Please return the listing below exactly, without any of its pictures.

[Recorded information Boundary: Start]

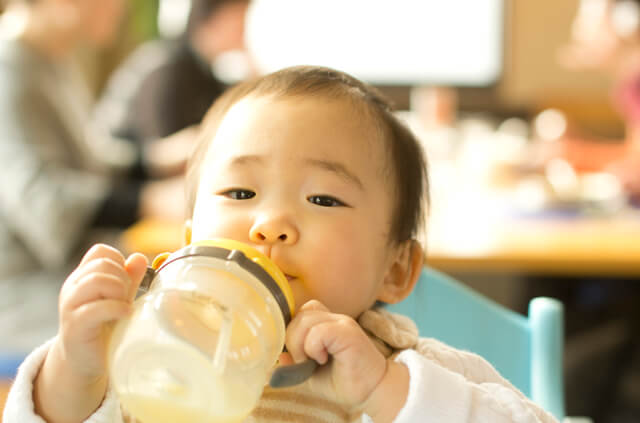 マグを持った赤ちゃん,ストローマグ,おすすめ,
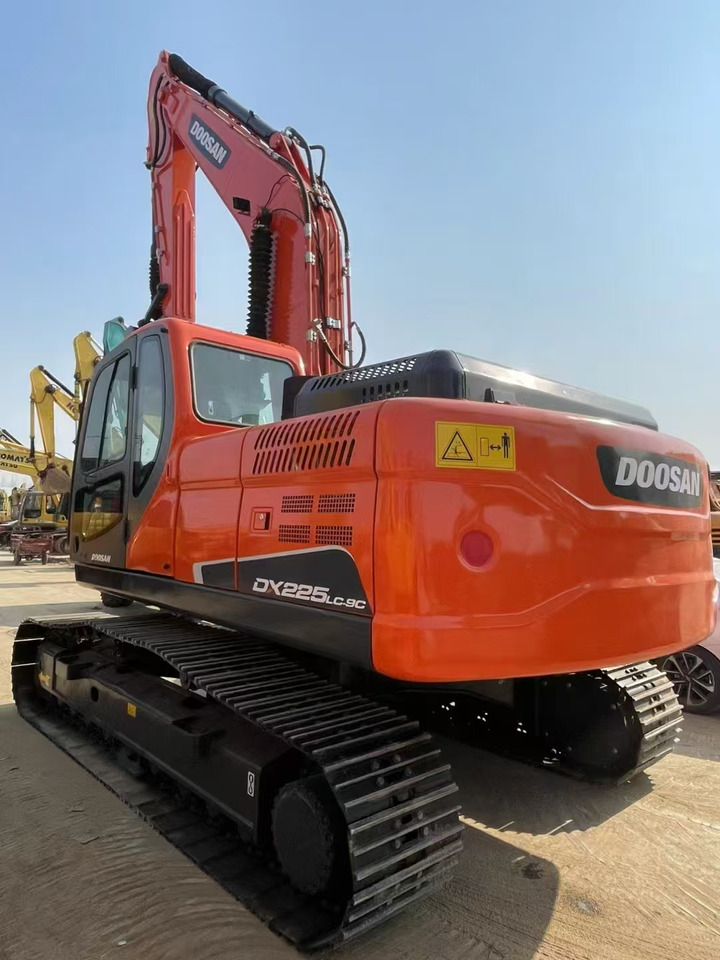 DOOSAN DH225L-9C - Telakaivukone: kuva DOOSAN DH225L-9C - Telakaivukone DOOSAN DH225L-9C - Telakaivukone: kuva DOOSAN DH225L-9C - Telakaivukone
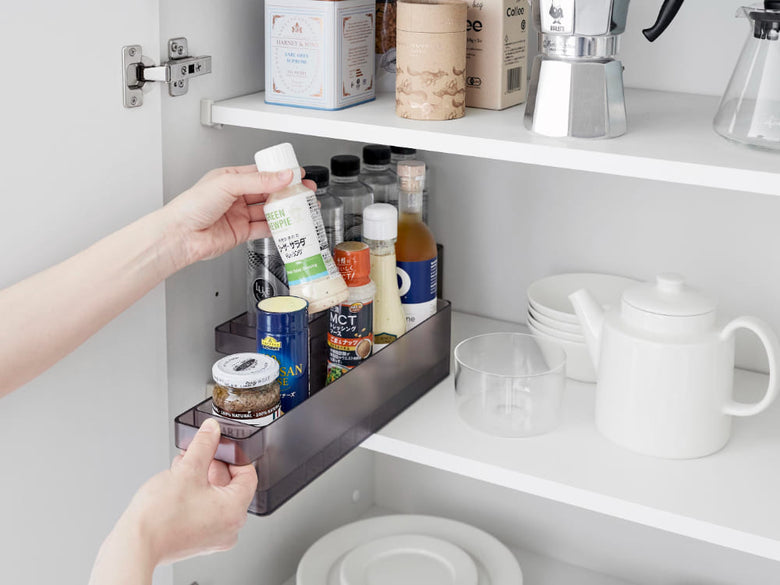 タワー冷蔵庫中収納ケースが冷蔵庫の棚に設置され、紙パックドリンクやボトルが整理されている様子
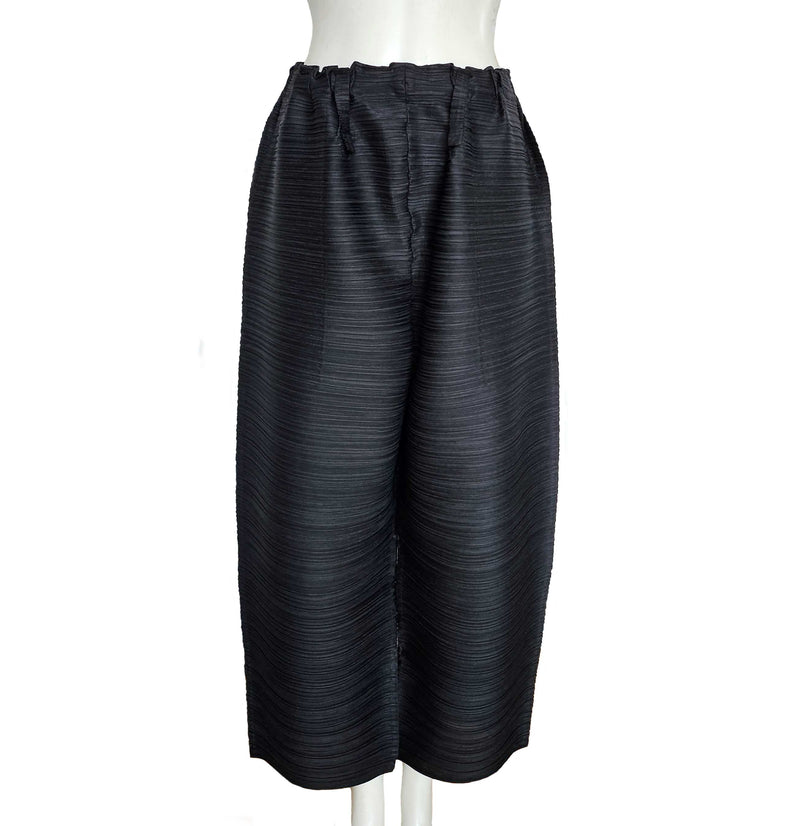 PLEATS PLEASE BLACK THICKER BOUNCE HORIZONTAL PLEATED PANTS (5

[Recorded information Boundary: End]

→ Reply:
 マグを持った赤ちゃん,ストローマグ,おすすめ,
 DOOSAN DH225L-9C - Telakaivukone: kuva DOOSAN DH225L-9C - Telakaivukone DOOSAN DH225L-9C - Telakaivukone: kuva DOOSAN DH225L-9C - Telakaivukone
 タワー冷蔵庫中収納ケースが冷蔵庫の棚に設置され、紙パックドリンクやボトルが整理されている様子
 PLEATS PLEASE BLACK THICKER BOUNCE HORIZONTAL PLEATED PANTS (5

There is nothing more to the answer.